Michel de Montaigne (1533-1592) fue hombre muy de su época, lo que le permite serlo de todas, y llegó a ser elegido alcalde de Burdeos; mas hemos de añadir que fue elegido encontrándose ausente de la ciudad, y que su primera intención fue la de rechazar el cargo: tan sólo al ser elegido por segunda vez no le quedó más remedio que aceptarlo. Siendo de tierra de tan buenos vinos, ha sido el hombre de su época más entendido en aguas, con las que procuraba combatir unos cálculos de lo más bellacos; y de su peregrinación en busca de aguas que le aliviaran resultó un diario de viajes por Suiza, Italia y Alemania, delicioso. Su punto de vista es aquí, al igual que en los Ensayos, lúcido, agudo e independiente: por ejemplo, dice de Baden que «es una buena nación, sobre todo para los que se adaptan a ella».

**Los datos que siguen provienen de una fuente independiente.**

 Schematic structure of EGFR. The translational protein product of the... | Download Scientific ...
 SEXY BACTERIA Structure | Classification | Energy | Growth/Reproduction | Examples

Giuseppe Tomasi di Lampedusa, el autor de una de las más hermosas novelas del siglo XX, «El Gatopardo», era un gran admirador de Montaigne, a quien consideraba como «la naturaleza misma en estado puro» (Montaigne siempre tuvo influencia sobre escritores a los que merece la pena leer: en España sobre Azorín, sobre Baroja, sobre Pla; Shakespeare poseía un ejemplar de los Essais en el que está estampada su firma, una de las cinco firmas del autor de «Macbeth» que se conservan; y Quevedo, que tiene bastantes lecturas comunes con Shakespeare, también estimaba al «Señor de la Montaña»). Señala Lampedusa el rasgo definitorio de Montaigne: la libertad de espíritu: «Libertad absoluta en el sentido de que no se somete al yugo de «no-se-debe-creer». Montaigne siente la misma poca estima por la divinidad que por la diosa Razón», añade. A Montaigne no le gustan los dogmas; tampoco las novedades: «Me repugna la novedad, sea el que sea su semblante, y tengo razón, pues he visto efectos de ella muy dañinos».
Los clásicos griegos y latinos son su magisterio y su refugio: «Cuando veo estas buenas formas de explicarse, tan vivas, tan profundas, no digo que eso es bien decir, digo que es bien pensar». Y opina que «los grandes ingenios transforman el idioma, no aportando nuevas palabras, sino enriqueciendo las que ya existen».
Pocos escritores tan simpáticos como Montaigne. Amaba los libros porque decía que se puede conversar con ellos. ¿Cómo no vamos a leer continuamente los «Ensayos» si nos permiten charlar inagotablemente con su autor?